E eu não conto quem ela é nem tão cedo... :P
2- Nomes e nomeações: um Elfo podia ter muitos nomes... Assim que ele nasce, o pai dá-lhe o nome em uma cerimônia pública. Esse é o nome do oficial do elfo enquanto ele cresce. Também a mãe pode dar-lhe um nome, geralmente com implicações proféticas sobre sua personalidade ou destino, enquanto é criança ou jovem. Quando o elfo tem uma certa idade, ele pode escolher para si um nome pelo qual será conhecido dali em diante. Os apelidos ou nomes familiares eram nomes particulares, reservados para família e amigos íntimos. Usar um nome familiar sem ser parente ou amigo chegado do Elfo era uma enorme quebra de etiqueta, pior do que meter o cotovelo no prato de sopa ou cantar a esposa do dono da casa... Também o Elfo pode receber um nome de seus amigos, súditos ou amante (alto lá, amante no sentido 'aquele que ama, namorado'). Ereinion Gil-galad, por exemplo. O nome dele era Ereinion. Gil-galad foi um título que alguém, provavelmente um súdito ou conselheiro chegado, deu-lhe referindo-se à sua lança que era muito bonita, sua ponta afiada brilhando no alto, mortífera. Atenção zoadoras de plantão: Pode tirar bem muita onda que a Lança de Gil-galad é famosa...
Galadriel. O pai dela colocou-lhe o nome Artanis, nobre donzela (ô falta de imaginação... só porque a bichinha era princesa? Aliás, Arwen traduz na mesma merda. Deve ser de família. Putz). Mas a mãe dela a chamou Nerwen, mulher-macho em bom Português. Aposto que agora você entendeu o lance do nome profético... Celeborn, o marido dela, era uma alma romântica e deu-lhe o nome Altáriel, donzela coroada em radiante grinalda... Transpondo pro Sindarin, Galadriel. E por falar em Celeborn, o nome dele é uma versão Sindarin do Telerin, Telporno. Fica pior em Quenya: Teleporno. Ih, tio, ainda bem que você escolheu adaptar no Sindarin. Imagina a zoação que os guardas de Lothlórien iam tirar...
3- Rhovannion: nome de toda a região abaixo das Montanhas Cinzentas e a Leste das Montanhas Sombrias, onde fica a Floresta das Trevas.
4- Aranhas das Florestas das Trevas: as descendentes de Ungoliant (vide N.A. capítulo dez, ponto dois, Arien e Tilion).

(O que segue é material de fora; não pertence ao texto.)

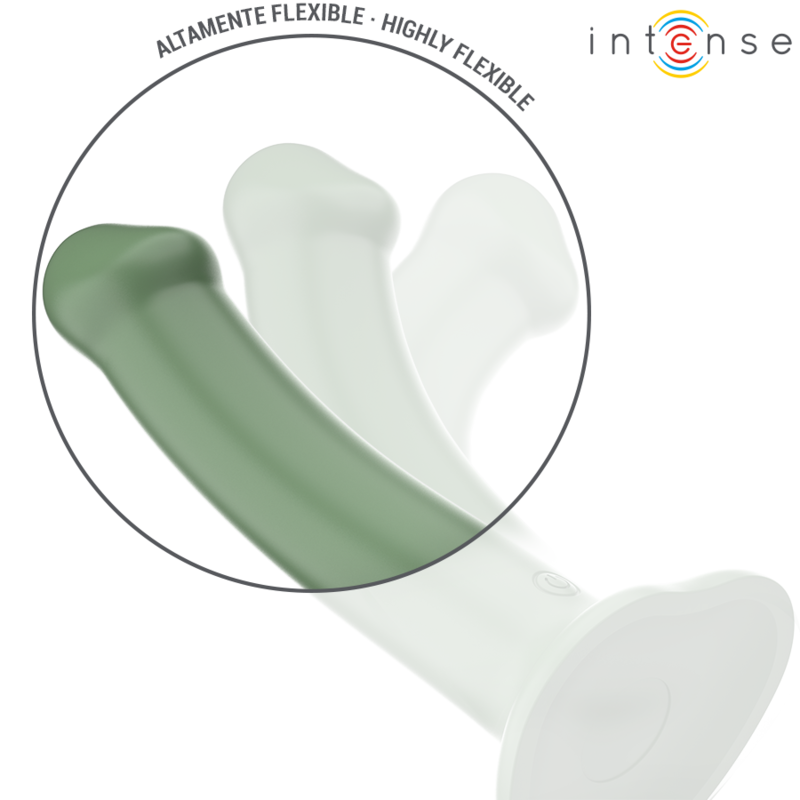 Vibrator, Intense - Becca, cu Ventuza si Telecomanda, Verde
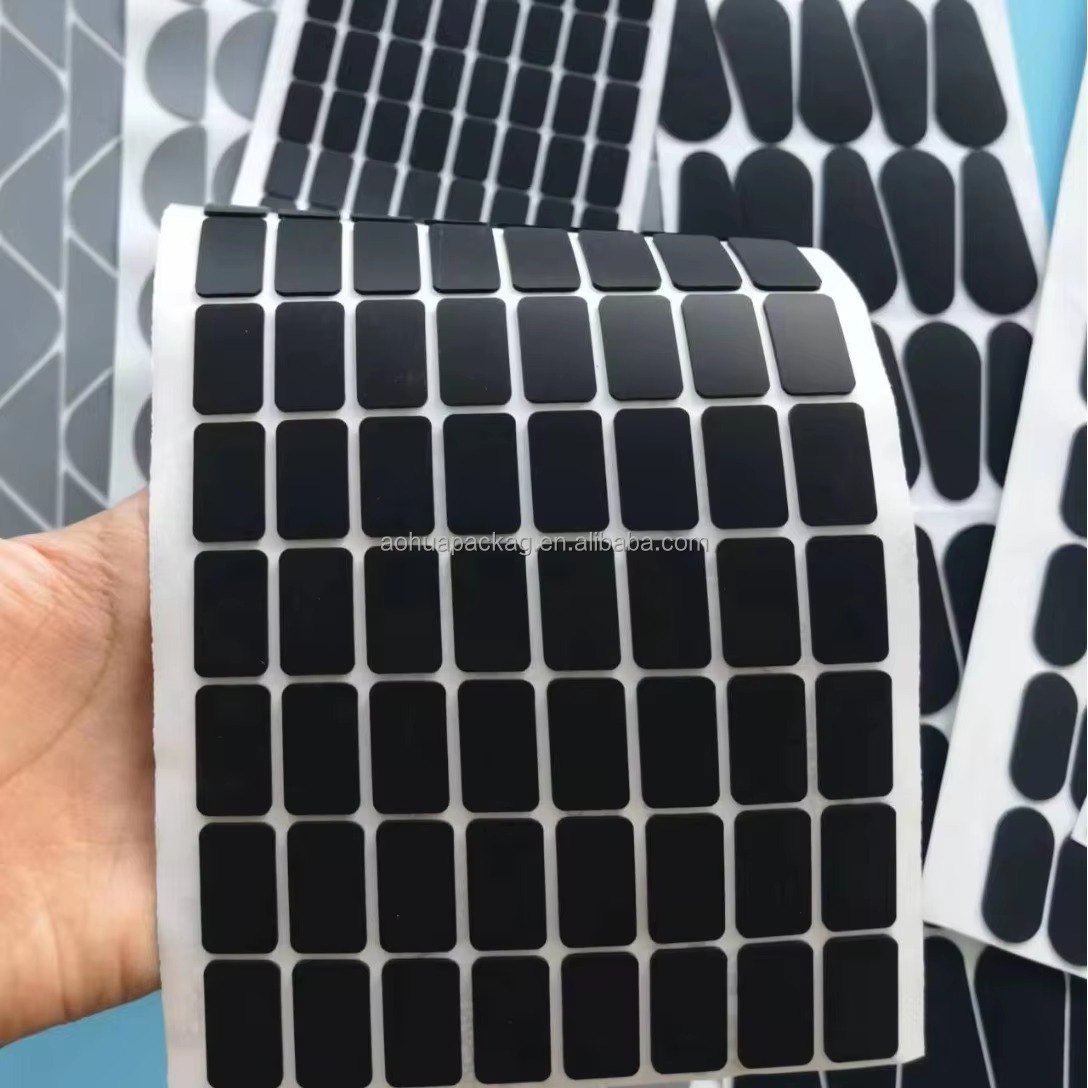 custom self adhesive anti slip pads eva, felt, rubber & silicone bumpers for industrial use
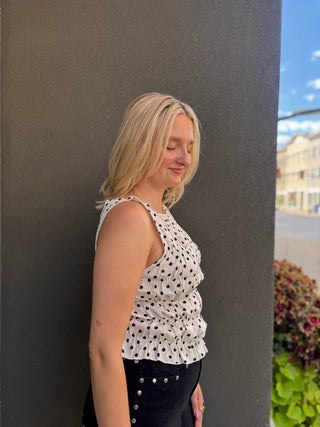 Naomi Smocked Top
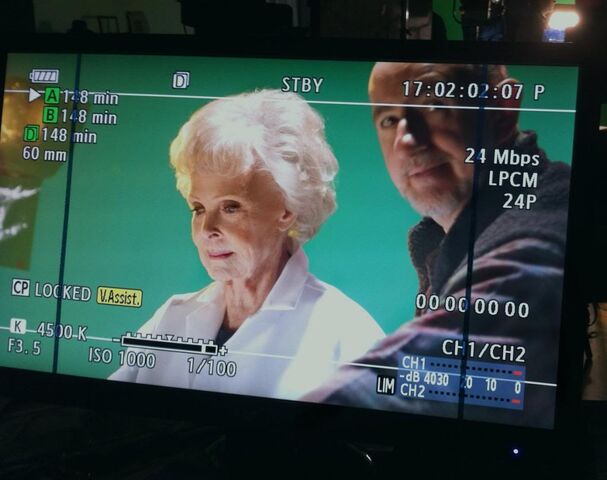 File:Tesla Directing June Lockhart.jpg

Estas criaturas malignas tem mais ou menos o tamanho de um fusca (sem contar as patas), são extremamente inteligentes, dotadas de fala, e andam geralmente em grupos.
5- Olog hai: Os Silvestres se ferraram quando o Necromante se mudou pra lá, amiguinhos.Tudo que não presta foi parar na Floresta das Trevas - As aranhas, os goblins, os orcs, trolls e também os olog hai. Assim como os orcs são uma deturpação dos Elfos, e os Uruk-hai uma versão 'revista e atualizada' dos orcs; os Trolls são uma versão deturpada dos Ents, aquelas árvores inteligentes mega-fortonas de Fangorn, e os olog-hai são uma versão 'revista e atualizada' dos trolls. Os Olog Hai são melhores que os trolls comuns em tudo: mais fortes, mais inteligentes, mais destros, e até suportavam a luz do Sol, o que não acontecia com os outros (No comecinho do filme, Bilbo conta pras criancinhas hobbit uma parte da história de O Hobbit, onde os trolls que queriam comer a ele e seus treze companheiros anões morrem tranformados em pedra quando o sol nasce)!
Na última batalha do Anel, em frente aos Portões de Mordor, Aragorn encontra alguns trolls identificados como 'trolls das montanhas'; mas aquela batalha se deu em plena luz do dia, portanto estes deviam ser Olog hai porque não viraram pedra!
5- Mulher no serviço armado: vide N.A. do capítulo dois, ponto dois, em Mulheres élficas e o combate armado.
Eámanë está dizendo que, se a Floresta das Trevas não receber reforços, a coisa estará tão feia que Thranduil não vai argumentar contra o ingresso das mulheres no exército. A situação na Floresta das Trevas já terá chegado ao nível 'estado de calamidade pública'.